Two days before this election, there's an historic anniversary: 7th October 1941, when John Curtin became Australia's Prime Minister.
Curtin's priority was the Defence of Australia - securing our country, in our part of the world.
In putting Australia first, he had to stand up not only to Winston Churchill but President Roosevelt as well.
But that didn't stop John Curtin building a new alliance, a new partnership with the United States.
And he built that partnership on the only worthwhile basis - mutual respect between two sovereign and independent people.
The Alliance is not the property of any Australian party or any particular American administration.
It belongs to our two great peoples.
I want to render the United States the best service any Australian Prime Minister ever could.
And that is to help the United States develop its true role of world leadership, based on respect, understanding and the cooperation demonstrated so powerfully after September 11, but undermined so tragically by the mistakes in Iraq.

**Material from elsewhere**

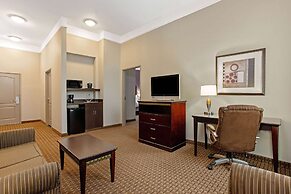 La Quinta Inn & Suites by Wyndham Cleburne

Most of all, the impact of those mistakes in our region.
When Mr Howard sent Australian troops to the war in Iraq he knew, on advice, that his decision would make Australia less safe in the war against terror.
Now he says that he'll keep Australian troops in Iraq until they have finished the job. But he can't tell them what the job is.
The real job for Australia is in our region, working with our neighbours and with the United States.
And as Prime Minister, I'll sign up for that job, for as long as it takes.
This is where our permanent interests lie, not on the other side of the world.
This is where Labor will dedicate our resources in the war against terror - to our region, to our part of the world, to the real security of the Australian people.
Blair's conference speech
And what I learnt that day was not about the far left. It was about leadership. Get rid of the false choice: principles or no principles. Replace it with the true choice. Forward or back. I can only go one way. I've not got a reverse gear. The time to trust a politician most is not when they're taking the easy option. Any politician can do the popular things. I know, I used to do a few of them.
I know it's hard for people to keep faith. Some of the people may have a different take on me. But I have the same take on them. I trust their decency. I trust their innate good sense. I know I am the same person I always was, older, tougher, more experienced, but basically the same person believing the same things. I've never led this Party by calculation. Policy you calculate. Leadership comes by instinct. I believe the British people will forgive a government mistakes; will put the media onslaught in more perspective than we think; but what they won't forgive is cowardice in the face of a challenge.
The answer to any of these challenges is not easy.
Beyond all Blair's talent for sounding pious while denouncing principle, all he is really doing is advocating action at the cost of anything else. His position is as meretricious as his master's in Washington. Latham's appeal to Australian history and principle may not play quite so high-minded and high-sounding, but it's honest. I doubt his services will be welcome in Washington.